- **To do**
Copy exactly, and copy nothing else: the line that contains "this 375×500 image." and all lines after it in the listing, without pictures.

== Segment start ==

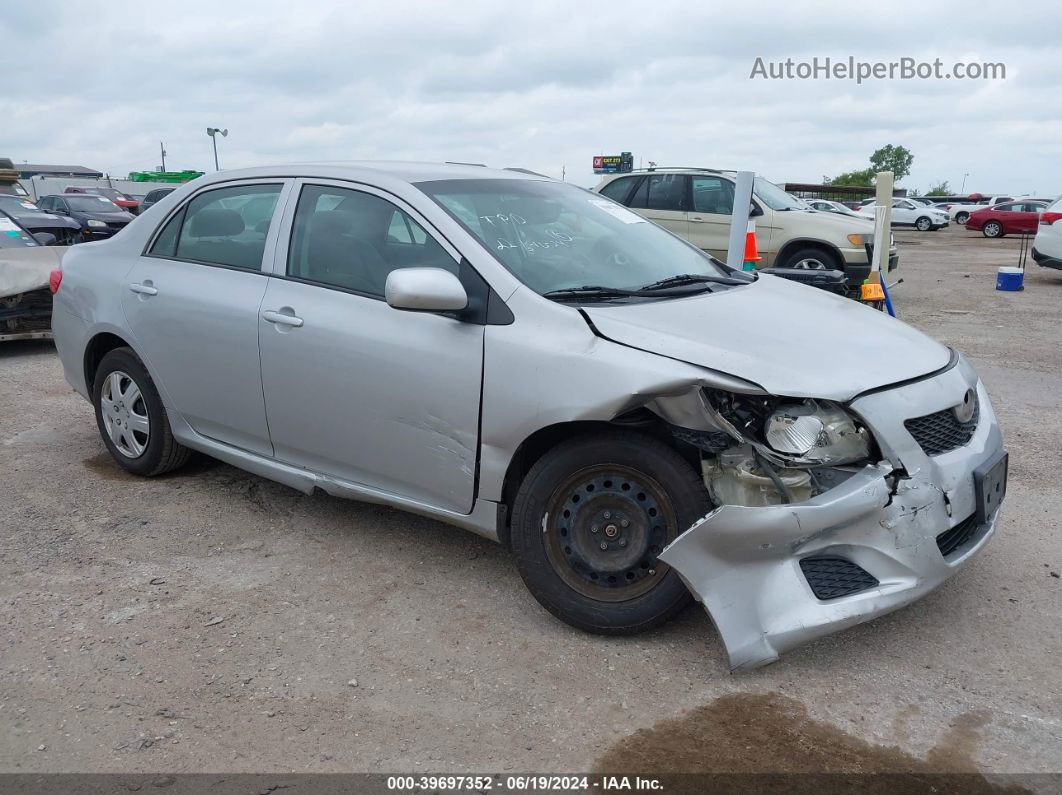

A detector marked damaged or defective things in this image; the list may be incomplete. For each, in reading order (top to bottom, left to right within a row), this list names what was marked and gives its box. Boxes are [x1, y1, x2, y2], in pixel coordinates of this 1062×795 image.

damaged front end [649, 354, 1006, 670]
crumpled front bumper [662, 354, 1002, 670]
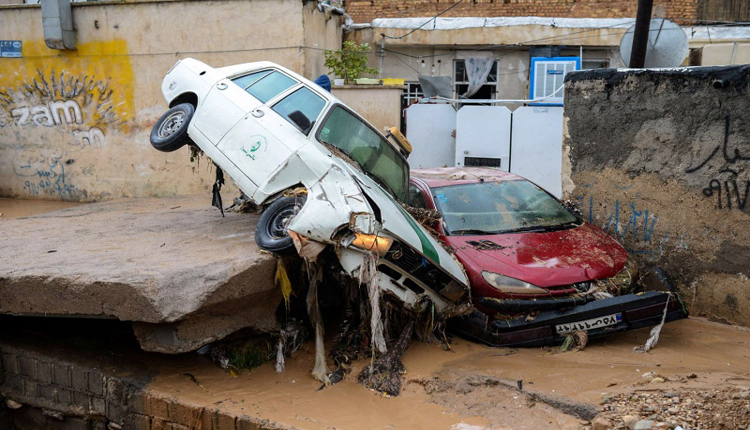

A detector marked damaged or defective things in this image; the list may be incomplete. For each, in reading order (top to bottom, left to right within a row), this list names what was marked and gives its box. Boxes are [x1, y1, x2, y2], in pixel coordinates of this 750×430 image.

broken concrete slab [0, 197, 282, 354]
overturned white car [152, 58, 470, 316]
wrecked vehicle [150, 58, 472, 384]
wrecked vehicle [408, 166, 692, 348]
damaged red car [408, 166, 692, 348]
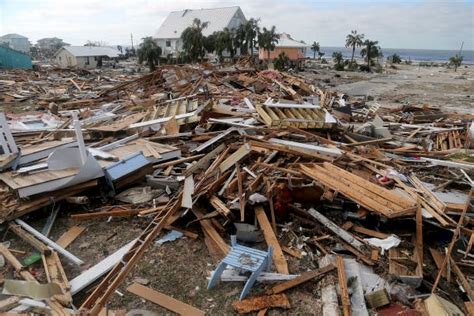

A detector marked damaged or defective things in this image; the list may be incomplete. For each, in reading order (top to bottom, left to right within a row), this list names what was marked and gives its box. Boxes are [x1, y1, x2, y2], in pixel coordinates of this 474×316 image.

broken lumber beam [256, 206, 288, 276]
broken lumber beam [127, 282, 205, 314]
splintered wood board [128, 282, 204, 316]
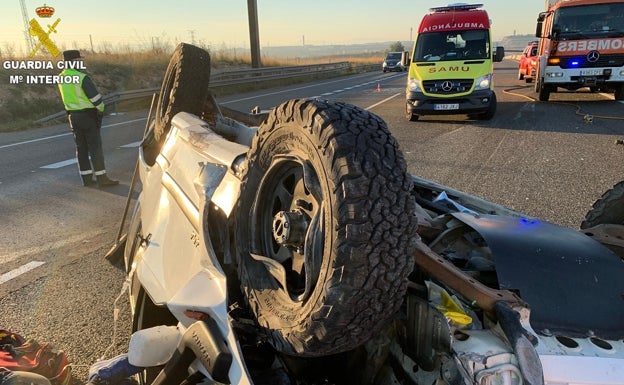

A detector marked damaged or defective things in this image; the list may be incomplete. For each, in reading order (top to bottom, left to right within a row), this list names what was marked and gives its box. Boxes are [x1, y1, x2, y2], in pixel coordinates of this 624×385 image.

overturned white vehicle [112, 44, 624, 384]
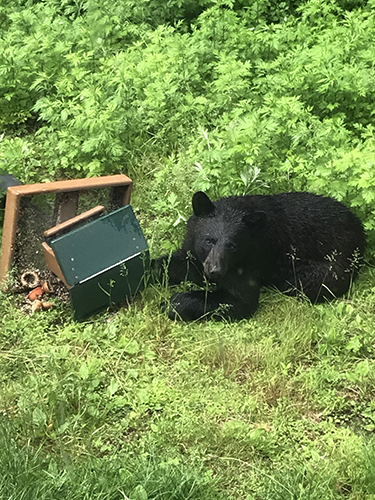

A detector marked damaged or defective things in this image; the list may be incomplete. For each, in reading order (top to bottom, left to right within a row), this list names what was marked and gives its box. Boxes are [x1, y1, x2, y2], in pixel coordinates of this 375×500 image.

rusty metal piece [20, 270, 39, 290]
broken wooden frame [0, 174, 132, 290]
rusty metal piece [0, 174, 133, 290]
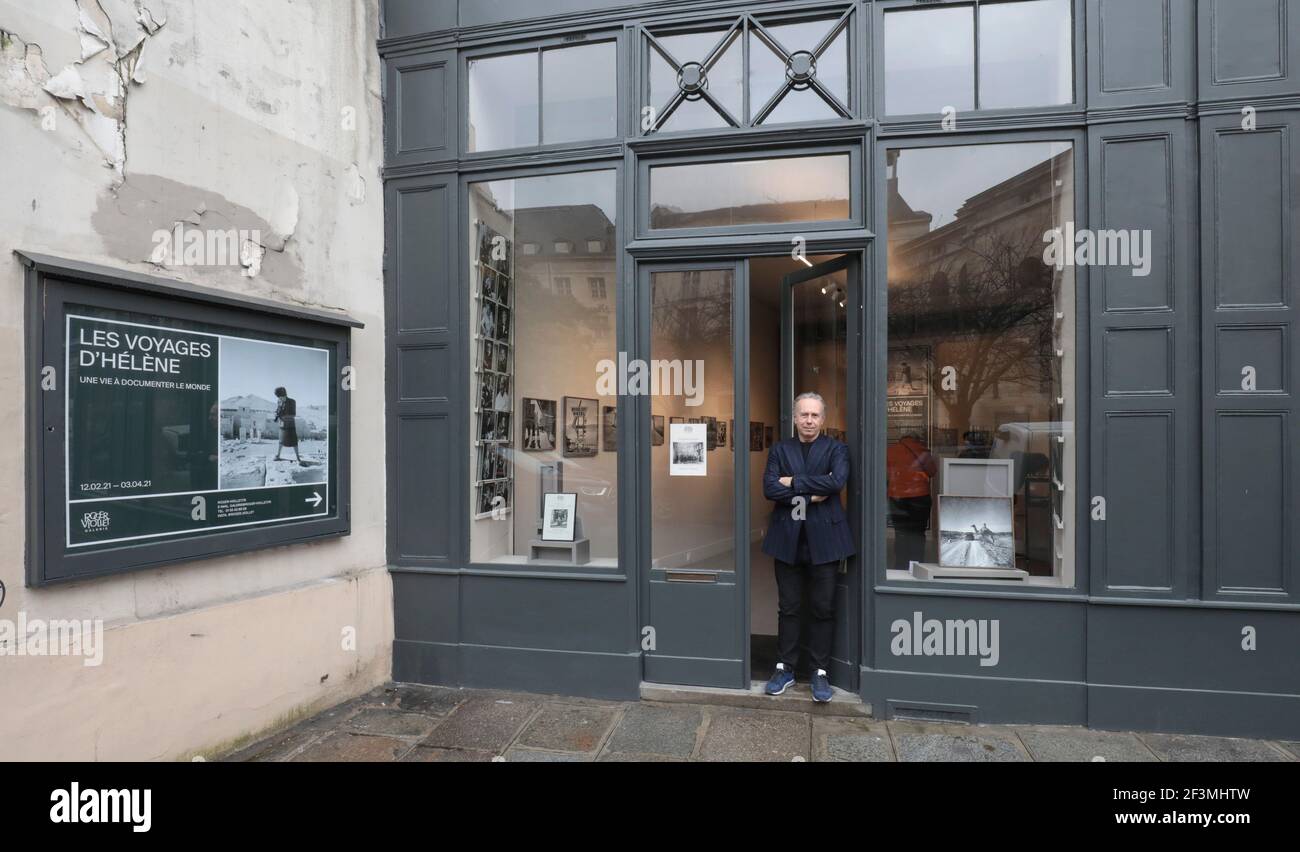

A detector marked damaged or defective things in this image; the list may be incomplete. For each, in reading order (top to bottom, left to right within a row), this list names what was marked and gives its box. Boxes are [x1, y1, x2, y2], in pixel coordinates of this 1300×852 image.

white peeling plaster wall [0, 0, 390, 759]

== Segment end ==

- **Answer for this exercise**
A detector marked damaged or defective things in this image; the list may be incomplete. For each, in reading order (top to bottom, left to right within a row), this list names what was marked and gives its box. Boxes are [x1, y1, x2, y2], in pixel coordinates of this 375×500 image.

rusty metal piece [20, 270, 39, 290]
broken wooden frame [0, 174, 132, 290]
rusty metal piece [0, 174, 133, 290]

A detector marked damaged or defective things in this image; the list may be incomplete. For each, in reading order (top to bottom, left to right within a row), this list names what was marked and gives its box. Boxes are [x1, y1, x2, y2], in pixel coordinates of this 1300×852 image.

white peeling plaster wall [0, 0, 390, 759]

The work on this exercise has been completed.